Q.逸失利益を一時金ではなく,年金のように定期的に2ヶ月に1回の支払いをさせることができますか。
逸失利益の支払い方法として定期金賠償が認められるかという問題です。
判例の流れからすると,難しいと言えます。
損害賠償は,様々な損害項目(費目)を合計した金額を一括した一時金として支払うことが原則です。
これに対して,年金のように定期的に一定の支払時期を定めて支払うやり方もあります。
これが定期金賠償の問題です。
将来の介護費用において問題となりますが,それを逸失利益にも当てはめることができるかというのがここでの問題です。
①将来の予想できない問題に対応するためです。
植物状態(遷延性意識障害)となった場合には,健常者の平均余命まで生存することが可能であるかどうかをはじめとして,不確かな面があるからです。
植物状態になった場合の後遺障害逸失利益についても,この点は当てはまると言えます。
なお,死亡した場合の逸失利益であれば死亡によって損害は確定しているので,この予想できない問題に対応するという点でのメリットは乏しいと言えます。
②もう一つの側面は,被害者側,つまりは損害賠償請求権者からのものです。
(ア)一時金だと中間利息として年5%控除され手取額としては,いかにも少ないという気持ちが残ります。過失相殺があればなおのことです。
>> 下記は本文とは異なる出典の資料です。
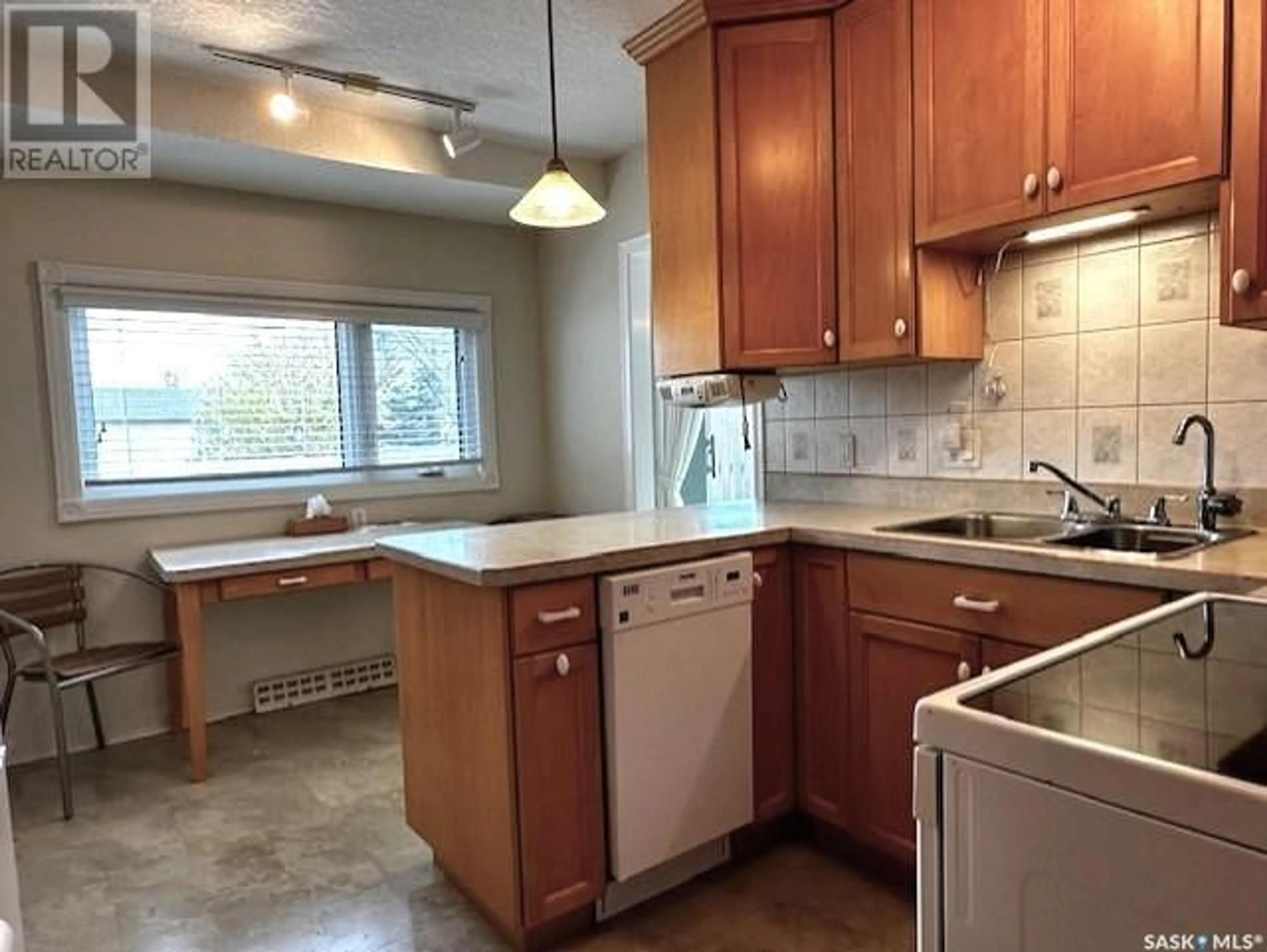 Standard kitchen, wood floors, cottage for 214 10th AVENUE W, Melville Saskatchewan S0A2P0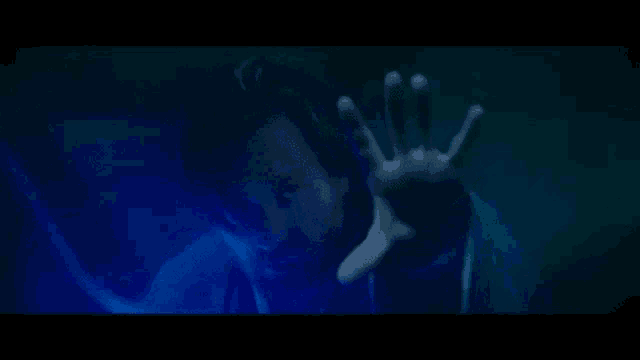 a man with a beard is reaching out his hand towards a blue light .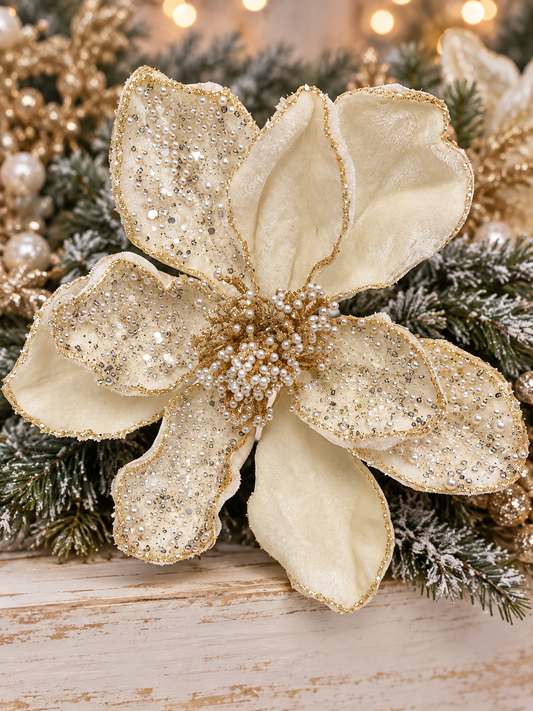 A close-up of a large, ornate gold and white flower with sparkling embellishments, surrounded by greenery and twinkling lights.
そこで,定期金払いにすれば,その中間利息控除が回避できるのです。
(イ)事件や被害を風化して欲しくないという,制裁的な気持ちからです。つまり,定期的に支払えば,その都度,加害者も思い出して反省の念を抱くだろうと言うことからです。
3 それでは逸失利益についても定期金賠償を認めるべきでしょうか。 (クリックすると回答)
上の観点からすれば,植物状態の場合は将来の予想ができない問題があることから逸失利益についても定期金賠償になじむと言えます。
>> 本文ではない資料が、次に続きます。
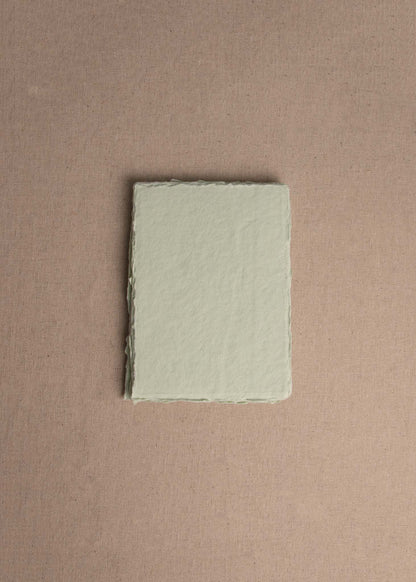 Singular 5x7 Mint Green Handmade paper with deckle edge on linen background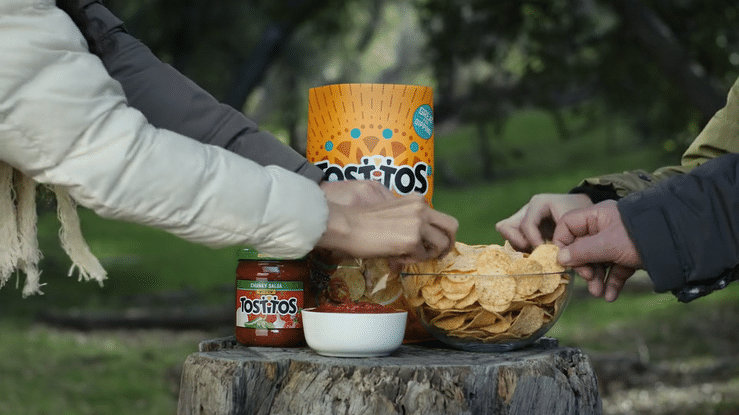 Two people reaching for chips from a bowl on a tree stump, with Tostitos chips, salsa, and dip on the stump, outdoors in a park.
他方では,定期金賠償とするときに加害者と被害者とどちらにメリットがあるかの点では,将来の予想できない問題に対応できることは介護費用と同様に加害者側,つまり賠償側にメリットがあると言えます。
しかし,後遺障害であっても,植物状態のような将来の予想できない問題がない場合には,賠償側にはメリットはないことになります。
他方では,被害者側である賠償請求権者にも中間利息控除が回避できるという実質的メリットがあります。
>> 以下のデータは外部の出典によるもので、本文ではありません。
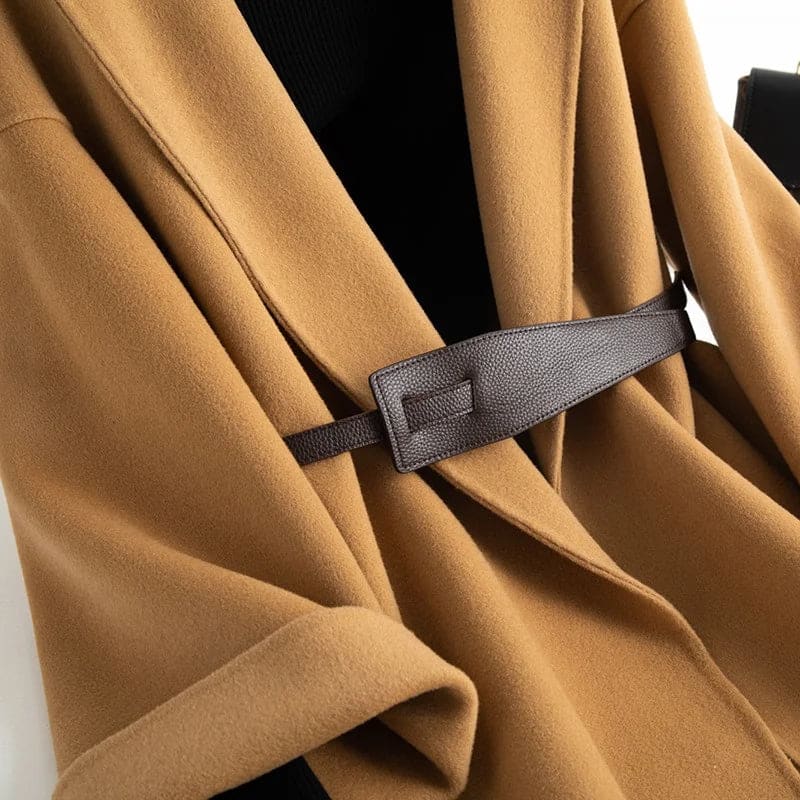 A wrap coat with wide sleeves, a kimono inspired silhouette, and an adjustable belt displayed over a black turtleneck._5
後遺障害逸失利益についての定期金賠償に関する判例は,ほとんどありません。
これは賠償請求権者からの請求がないからだと思われます。
危険運転致死の典型的なケースとして有名となった事案について,一定の範囲で逸失利益を命日に支払うことを命じたものがあります。
俗に命日判決といわれているものです。(東京地裁 平成15年7月24日判決)
そして,この判決は既に確定しております。
しかし,事案の特殊性,とりわけ悪質性から導かれる結論と言えることから,一般化をすることはできないと言えます。
死亡の場合においては,多くの裁判例では既に逸失利益は具体的に損害として確定しているとして被害者側からの定期金払いの方式を否定しております。
さらには,「中間利息の利率と実勢利率の乖離については中間利息を控除する場合に法定利率を用いるべきかという議論にすぎず、判例(最高裁判所平成17年6月14日)を踏まえても改めて議論する意味がないというべきで、この点を考慮して定期金賠償を採用する理由はない」というものもあります(名古屋地裁 平成26年8月21日判決)
このことは,死亡による逸失利益のみならず後遺障害逸失利益にも該当するものといえます。
被害者側であるあなたが望んだとしても,定期金賠償が認められることは現在は難しいと思います。